Van de Heuvel fills the solitude and silence with podcasts: On Being with Krista Tippett, This American Life, Radio Lab, TED Talks — she has ploughed through them all. There is a mathematical point to this elaboration of van de Heuvel’s work routine.
Unlike her debut exhibition at Smith, which was titled Entanglement and featured 14 drawings of black seascapes and abstract swathes of blue, as well as five paintings of volcanic clouds in various shades of indigo, her new exhibition, Ceremony, comprises only drawings. There are 36 in total.
A single large drawing takes about two weeks to complete. Van de Heuvel’s show is the product of a year-long devotion to the pen. “One of the reasons I like the pen, is that the labour is obvious. It makes the work more obvious, especially with the abstract pieces.” She pauses. “It is harder to see that in paintings sometimes.”
Being able to see the labour in an artwork is important to her, she adds.
Not that she’s dismissive of painting. Although currently betrothed to the pen,
van de Heuvel was trained as a painter at the Ruth Prowse School of Art. After
graduating, she briefly assisted expressionist painter Wayne Barker for a few
months in 2010. “I survived,” she laughs.
In 2012 she held a two-person show with Maya Marshak at a pop-up gallery on Long Street. Her ink landscapes sold well. “I can do this,” she thought. Following a two-month cycling holiday from Spain to France with photographer Stan Engelbrecht, she began work on a series of ink drawings of deep space. Using only black ink, van de Heuvel conjured porthole views of starry vistas. Her Dark Matter series also challenged the gender stereotypes attached to space, with sympathetic portraits of Sigourney “Alien” Weaver and Valentina Tereshkova, the Russian cosmonaut who became the first woman to travel in space in 1963.
“I was totally interested in space; I wanted to go to space,” says van de
Heuvel, whose austere yet engaging work recalls the photorealist paintings and
drawings of Latvian-American artist Vija Celmins. “I still want to go to space,
but I’m not nearly as consumed by it as I was then.

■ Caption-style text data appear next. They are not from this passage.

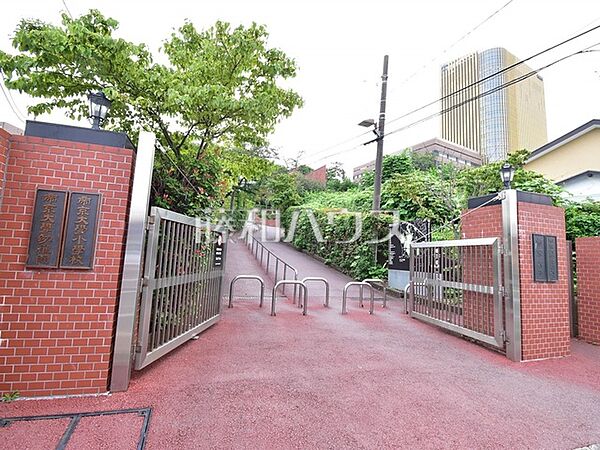 帝京大学幼稚園 (1000m)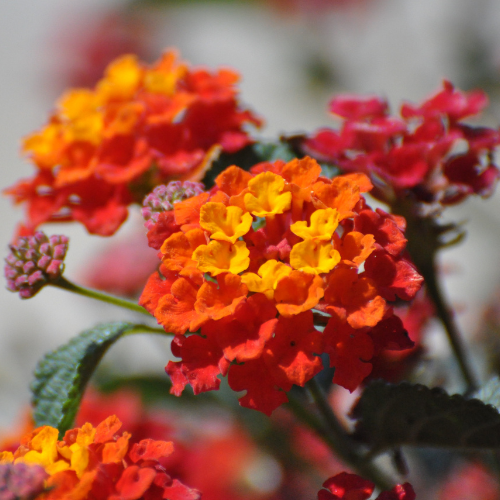 1 Gallon Lantana - Sunset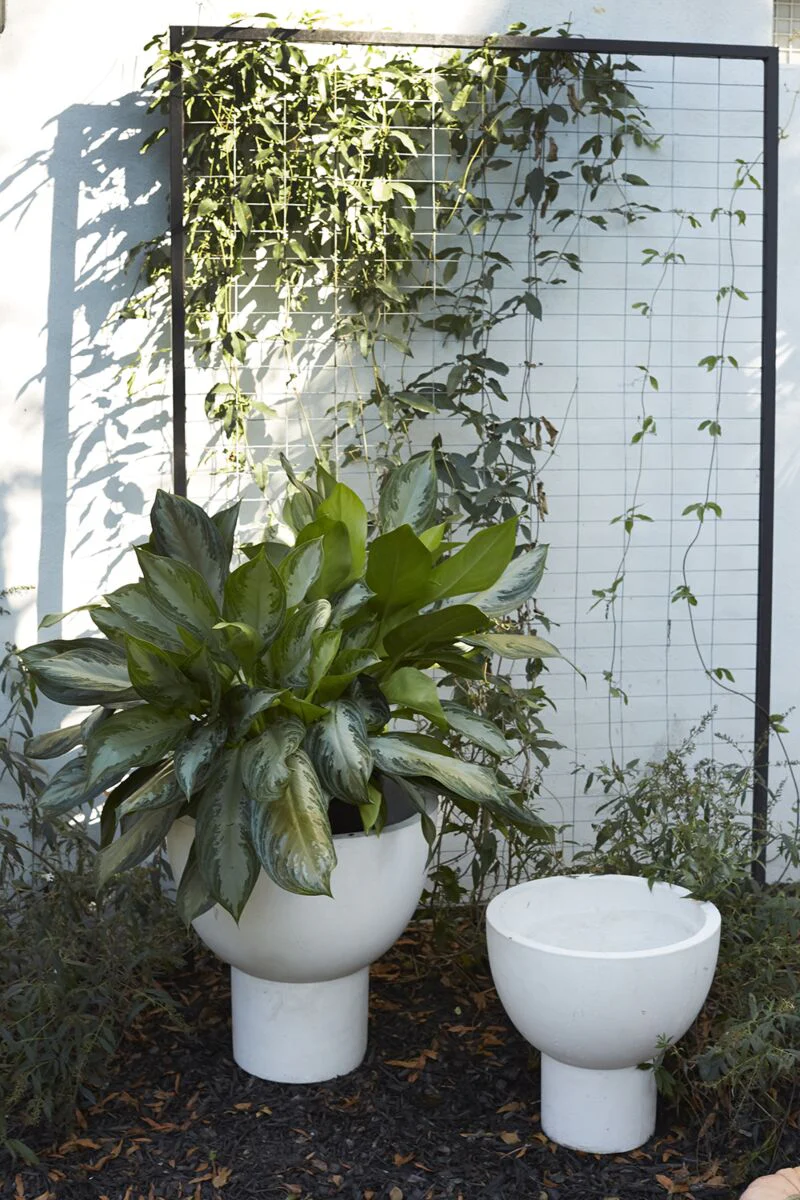 Michael Planter Collection - White Fiberglass   CN1271 - Image 3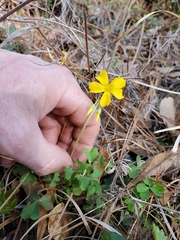 Oxalis texana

I go through phases of things — now it’s flowers.” The vegetable world is not entirely unrelated to the void of deep space, she says. “There is something charming about the patterns we look for in flowers and stars.”
Flowers, though, can be touched, sniffed, taken home. Not so with space.
“I once described my love affair with space like unrequited love.” Her new
show is the product of a more happy state of being. “It is about warmth and
connections, and also compassion and celebration.”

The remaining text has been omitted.